Essentially, I agree with you; however, what I'd like to emphasize much more is that, like you said, physics only helps us dig into _some_ aspects relevant to the ontology of _some_ things. This _some_ is extremely important and cannot be ignored. What physics can give us is only half the answer, which is, again like you said, only _related_ to whatever the actual answer to the question is/isn't.

What's interesting is that these limitations that are imposed upon us are the reason we crave for a better understanding in the first place. We look at the Mystical and, unable to comprehend _what_ it is, we try to understand _how_ it is the way it is. But for the love of Planck's bald spot, how much I wish I knew the _what_. 

Edit: forgive me Wittgy, I almost crossed the line there.


----------



## aleazk

Dodecaplex said:


> Essentially, I agree with you; however, what I'd like to emphasize much more is that, like you said, physics only helps us dig into _some_ aspects relevant to the ontology of _some_ things. This _some_ is extremely important and cannot be ignored. What physics can give us is only half the answer, which is, again like you said, only _related_ to whatever the actual answer to the question is/isn't.
> 
> What's interesting is that these limitations that are imposed upon us are the reason we crave for a better understanding in the first place. We look at the Mystical and, unable to comprehend _what_ it is, we try to understand _how_ it is the way it is. But for the love of Planck's bald spot, how much I wish I knew the _what_.
> 
> Edit: forgive me Wittgy, I almost crossed the line there.


yes, we agree in 100%. Nice to see someone who can talk this things. Regards.
edit: and that's the reason why I study physics, so far, it's the only discipline that have given some insight into these matters, partial, yes, but _something_ (insert meme here ). And, of course, I share your last statement... *WHAT IS THIS REALITY IN WHICH WE LIVE? YES, BUT WHAT?!!*


----------



## Sid James

Bill Bryson goes into this and other things in his _Short History of Nearly Everything_. It's in simple English, I'd recommend it to anyone with these kinds of questions.

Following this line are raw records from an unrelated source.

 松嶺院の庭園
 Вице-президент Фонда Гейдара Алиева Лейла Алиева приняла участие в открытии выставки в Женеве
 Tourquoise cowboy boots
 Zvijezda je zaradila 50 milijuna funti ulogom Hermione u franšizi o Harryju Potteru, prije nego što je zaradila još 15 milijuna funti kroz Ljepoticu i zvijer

At the start, he talks about these kinds of things in his introduction HERE at googlebooks (the second result of this search, the second extract, I couldn't get this bloody thing to work properly).

I am interested in reincarnation, in past lives. A Buddhist person told me that it's comforting to believe that, because you're just a link in the chain. This life is not the end of all life for you. YOu move on into other lives, other states of consciousness. There have been reports of people "remembering" past lives down to very small detail. I'm not sure what I make of this but it was an interesting conversation.

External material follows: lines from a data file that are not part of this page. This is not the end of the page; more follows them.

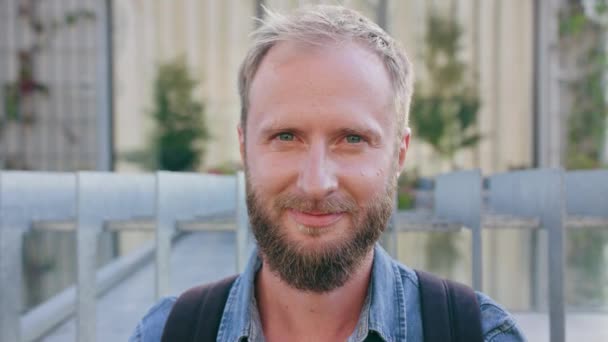 Ευτυχής χαμογελαστοί Κοκκινομάλλης άντρας με γένια στην πόλη - Πλάνα, βίντεο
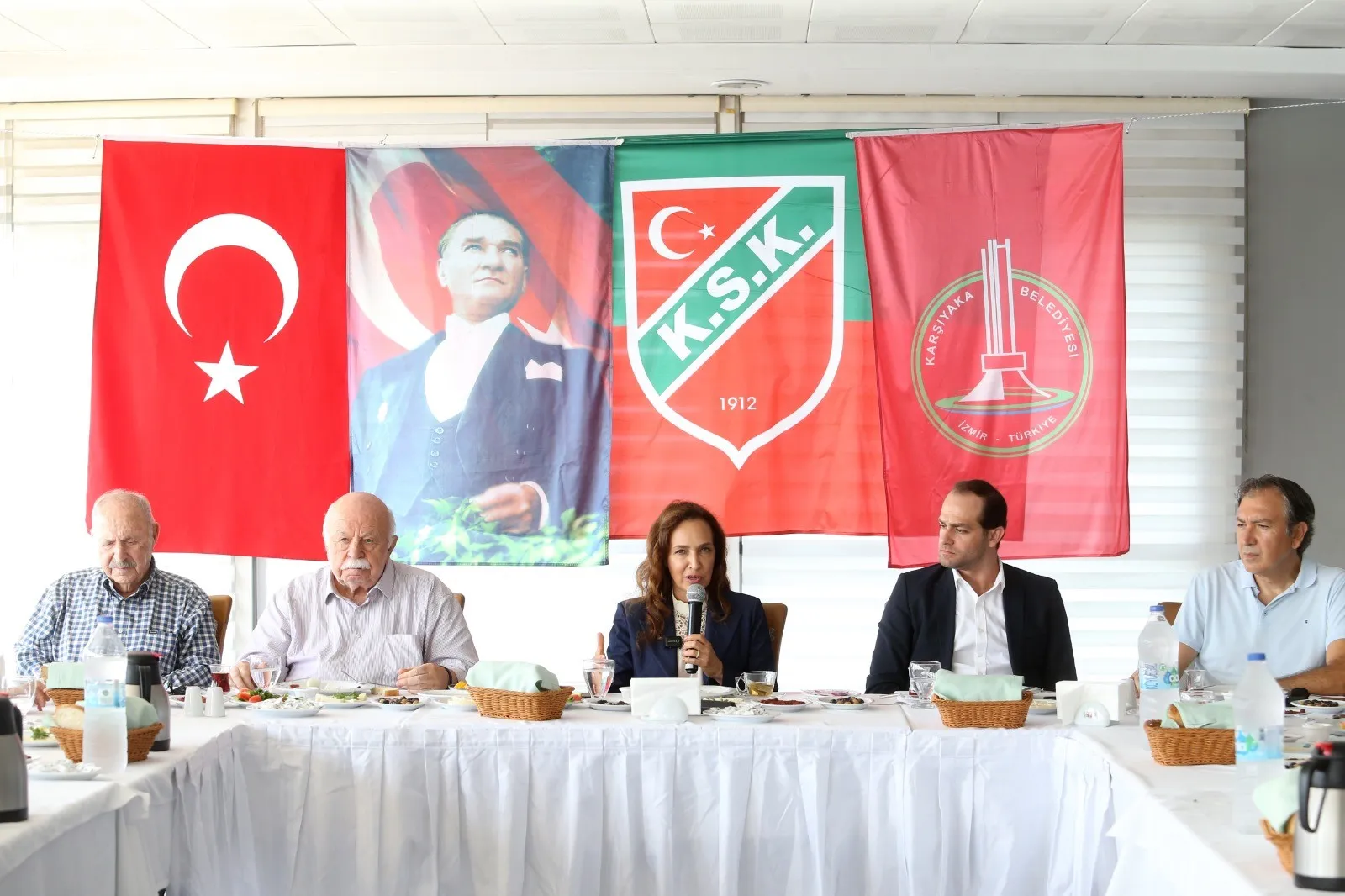 Karşıyaka taraftarı stat hayali için birleşti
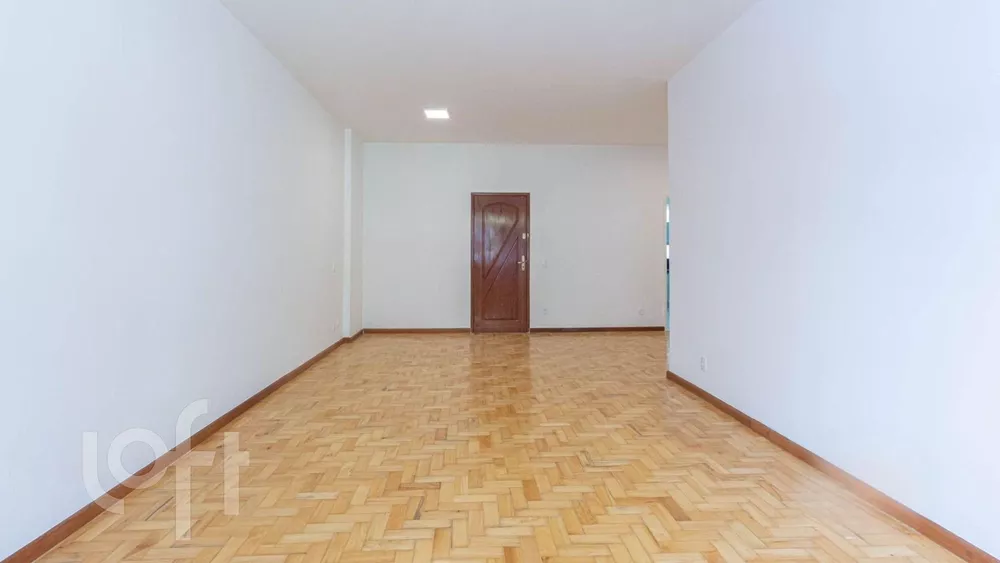 Apartamento à venda com 3 quartos, 128m² - Foto 3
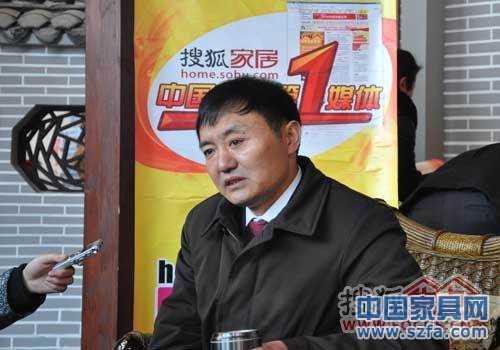 掌上明珠董事長王建斌接受搜狐記者采訪 掌上明珠董事長王建斌接受搜狐記者采訪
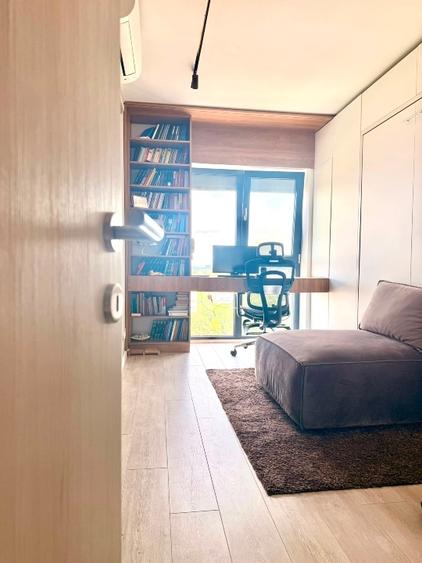 Apartament cu 4 camere, mobilat în P-ta Presei Libere
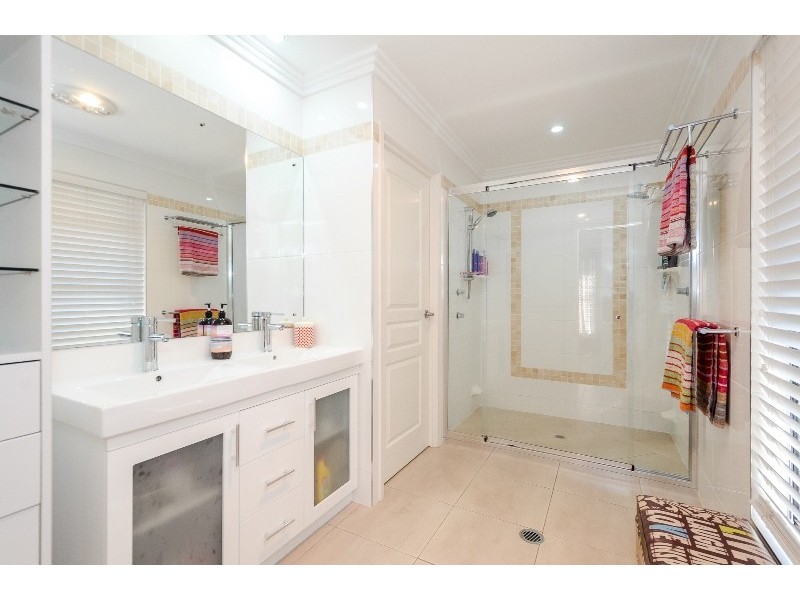 27 DEVENEY DRIVE, Kirkwood QLD 4680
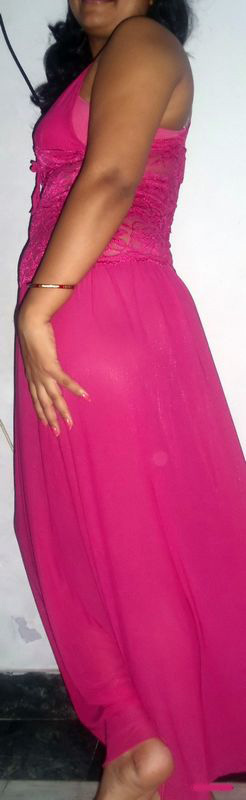 Hot Figure Indian Girl Showing Her Assets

As for animals, I think they have intelligence and they live by instinct. But the bottom line is that unlike us, they don't know that they will die. They don't have a concept of mortality. & this thing about finiteness is kind of an aspect of being human.

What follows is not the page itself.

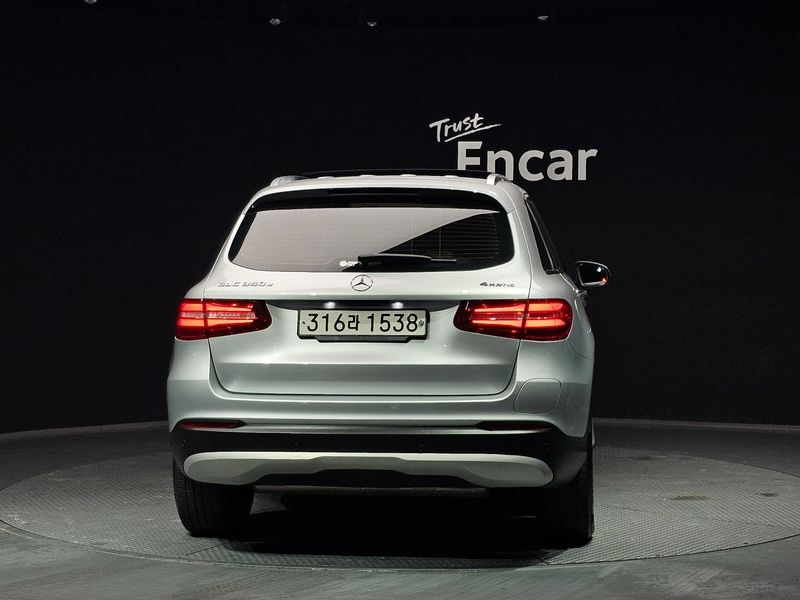 2019 Mercedes-Benz C-Class GLC350e 4MATIC Premium photo 4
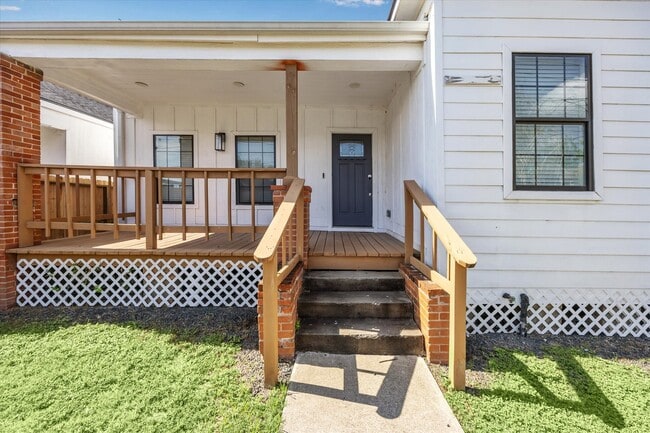 property at 2302 Sumpter St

Scientists have been developing drugs for decades to allow us to live for like 300 years. Sir Peter Ustinov, the late UK actor, said he didn't see this as important, to live that long time. He said you have your time on this earth, and that's it. You do with it what you can. There has to be a beginning, middle and an end. What he said in that interview years ago was also interesting. But I think certain people can't accept mortality. They can't accept ageing. Look at some of the movie stars who do all this plastic surgery and use all these tricks to look like they're 21 for eternity. Is that natural? Do they kind of fear death? In ancient cultures, the life cycle was accepted as normal. They fit into nature not make nature fit to their needs. It's the reverse now. WE want to manipulate nature, to cheat death, etc.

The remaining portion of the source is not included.